This NOT Just In: Great Seattle Fire

This past Sunday marked the 121st anniversary of the Great Seattle Fire, which destroyed a large portion of Seattle’s downtown area on June 6, 1889. The Seattle Fire obviously had a profound influence on Seattle, a city still in its infancy in 1889. The mark of the fire spread throughout the region, too. Rebuilding the city required a great deal of lumber. The sources closest to Seattle had already been depleted to build the city the first time around, and builders turned to lumber mills on the east side of Lake Washington to provide raw materials. This helped drive the lumber trade in eastside towns like Issaquah, Preston and High Point.

I happened to tune in to KUOW the morning they featured a piece called This NOT Just In: The Great Seattle Fire. The piece talks about the fire, but the main focus of the story is a rediscovered oral history artifact. If you listen to the piece, you’ll hear the only known first hand accounts of the Great Seattle Fire. The accounts were recorded at an event held at the Museum of History and Industry in 1953. The resulting record album remained in MOHI’s collection for decades, the value of its contents unknown. When MOHI staff played the recording in 2003, they were stunned to hear accounts of the fire as recollected by people who were school children at the time.

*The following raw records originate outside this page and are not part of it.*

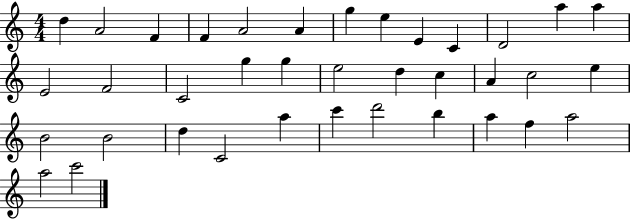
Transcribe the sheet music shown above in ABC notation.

X:1
T:Untitled
M:4/4
L:1/4
K:C
d A2 F F A2 A g e E C D2 a a E2 F2 C2 g g e2 d c A c2 e B2 B2 d C2 a c' d'2 b a f a2 a2 c'2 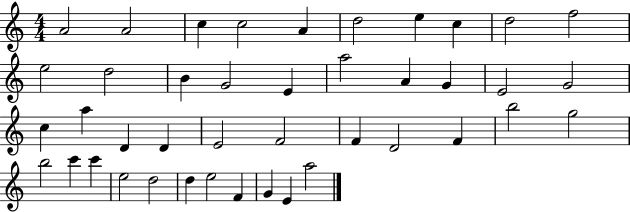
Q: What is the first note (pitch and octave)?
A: A4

Imagine hearing people describe an event that they witnessed, more than a century in the past

This reminded me of the old oral history tapes “discovered” in our own collection — recordings made anywhere from 20 to 50 years ago. Up until last year, no one had listened to these recordings. Because of the age of the audio tapes, we didn’t want to risk playing them and having them break. A grant from 4Culture allowed us to get the recordings transferred over to compact disc and then transcribed. When we received the CDs in the mail, I sat down with the Jacob Jones, Jr. CD, the oldest recording, and played it.

The recording, a bit fuzzy but audible, began with Jones’ account of taking the train into Seattle at the age of seven, in the year 1888. Jones’ vote emanating from the computer’s audio speakers described a Seattle with wooden sidewalks and gas streetlamps. Jones’ voice, recounting a day more than 100 years in the past, raised goose bumps.

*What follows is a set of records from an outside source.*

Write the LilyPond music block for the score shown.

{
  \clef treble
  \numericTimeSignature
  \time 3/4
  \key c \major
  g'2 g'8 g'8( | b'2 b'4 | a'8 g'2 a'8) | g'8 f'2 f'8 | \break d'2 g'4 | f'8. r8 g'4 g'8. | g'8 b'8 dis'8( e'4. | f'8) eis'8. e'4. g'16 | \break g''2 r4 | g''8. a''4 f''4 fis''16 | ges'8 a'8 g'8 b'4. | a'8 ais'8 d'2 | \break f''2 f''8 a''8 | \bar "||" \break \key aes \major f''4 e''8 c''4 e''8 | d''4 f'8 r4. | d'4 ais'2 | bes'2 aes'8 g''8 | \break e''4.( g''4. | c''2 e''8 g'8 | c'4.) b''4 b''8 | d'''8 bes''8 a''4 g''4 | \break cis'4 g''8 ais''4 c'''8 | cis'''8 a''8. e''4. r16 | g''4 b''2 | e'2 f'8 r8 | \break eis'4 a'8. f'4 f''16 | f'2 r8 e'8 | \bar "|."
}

The sound is faint, so turn the volume up and have a listen to this voice from the past.

(transcript after the jump)

This recording was made in 1958 by Jake Jones’ grandson, Willard Krigbaum. Jones had already been diagnosed with the cancer that ended his life in 1959. This five-minute recording is a small fraction of the full Jake Jones oral history.

JAKE JONES: But anyway, we left here in the morning – Sam and Mother – and Dad packed Sam down at Goode’s Corner [inaudible] down the hill there. And got on a horse wagon and rode over the top of the hill to Newcastle. And when we got to Newcastle, we went over to the ticket office and bought a ticket on the coach of the little narrow-gauge railroad.

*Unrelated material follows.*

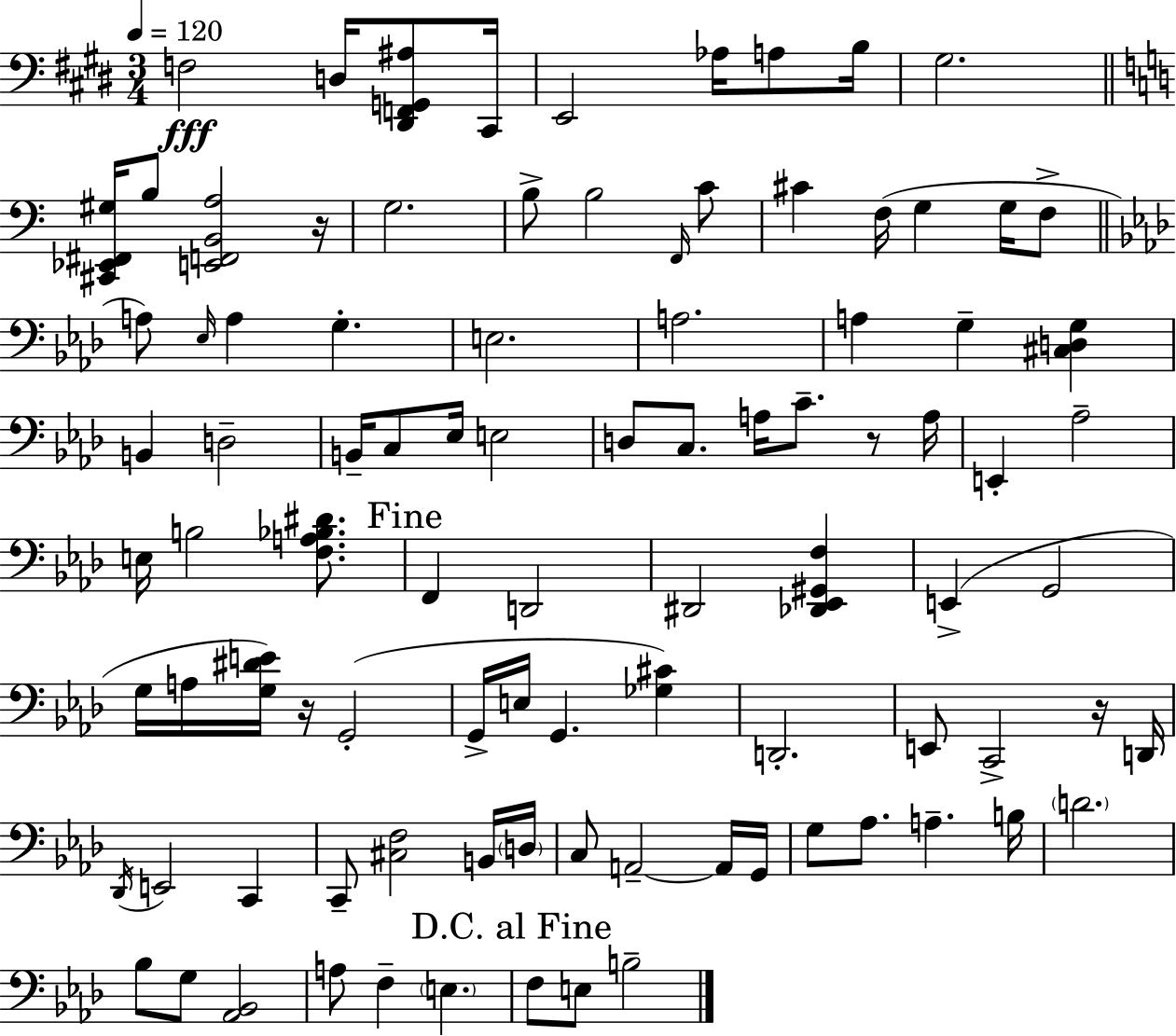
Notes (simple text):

F3/h D3/s [D#2,F2,G2,A#3]/e C#2/s E2/h Ab3/s A3/e B3/s G#3/h. [C#2,Eb2,F#2,G#3]/s B3/e [E2,F2,B2,A3]/h R/s G3/h. B3/e B3/h F2/s C4/e C#4/q F3/s G3/q G3/s F3/e A3/e Eb3/s A3/q G3/q. E3/h. A3/h. A3/q G3/q [C#3,D3,G3]/q B2/q D3/h B2/s C3/e Eb3/s E3/h D3/e C3/e. A3/s C4/e. R/e A3/s E2/q Ab3/h E3/s B3/h [F3,A3,Bb3,D#4]/e. F2/q D2/h D#2/h [Db2,Eb2,G#2,F3]/q E2/q G2/h G3/s A3/s [G3,D#4,E4]/s R/s G2/h G2/s E3/s G2/q. [Gb3,C#4]/q D2/h. E2/e C2/h R/s D2/s Db2/s E2/h C2/q C2/e [C#3,F3]/h B2/s D3/s C3/e A2/h A2/s G2/s G3/e Ab3/e. A3/q. B3/s D4/h. Bb3/e G3/e [Ab2,Bb2]/h A3/e F3/q E3/q. F3/e E3/e B3/h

They were loading coal and the coach was on behind it – it was a baggage car and then the coach – to Newcastle. We had to wait a long time before the coal train was loaded. And the train started out, went down around Lake Washington on the narrow-gauge, went around by Renton, came into Seattle on a hard [trestle wood?] built out over the mudflats.

And from there, when we got into Seattle, at that time it was dark, getting dark. We’d left here at daylight in the morning [inaudible]. We got in there, and we went up on a wooden sidewalk, somewhere built way up high. And we got up at 7th and Lenora quite a while after dark. And I was pretty tired, I guess. I was about 4 ½ years old.

WILLARD KRIGBAUM, JR: It was after dark when you got into Seattle?

JJ: Yes, it was after dark when we got into Seattle.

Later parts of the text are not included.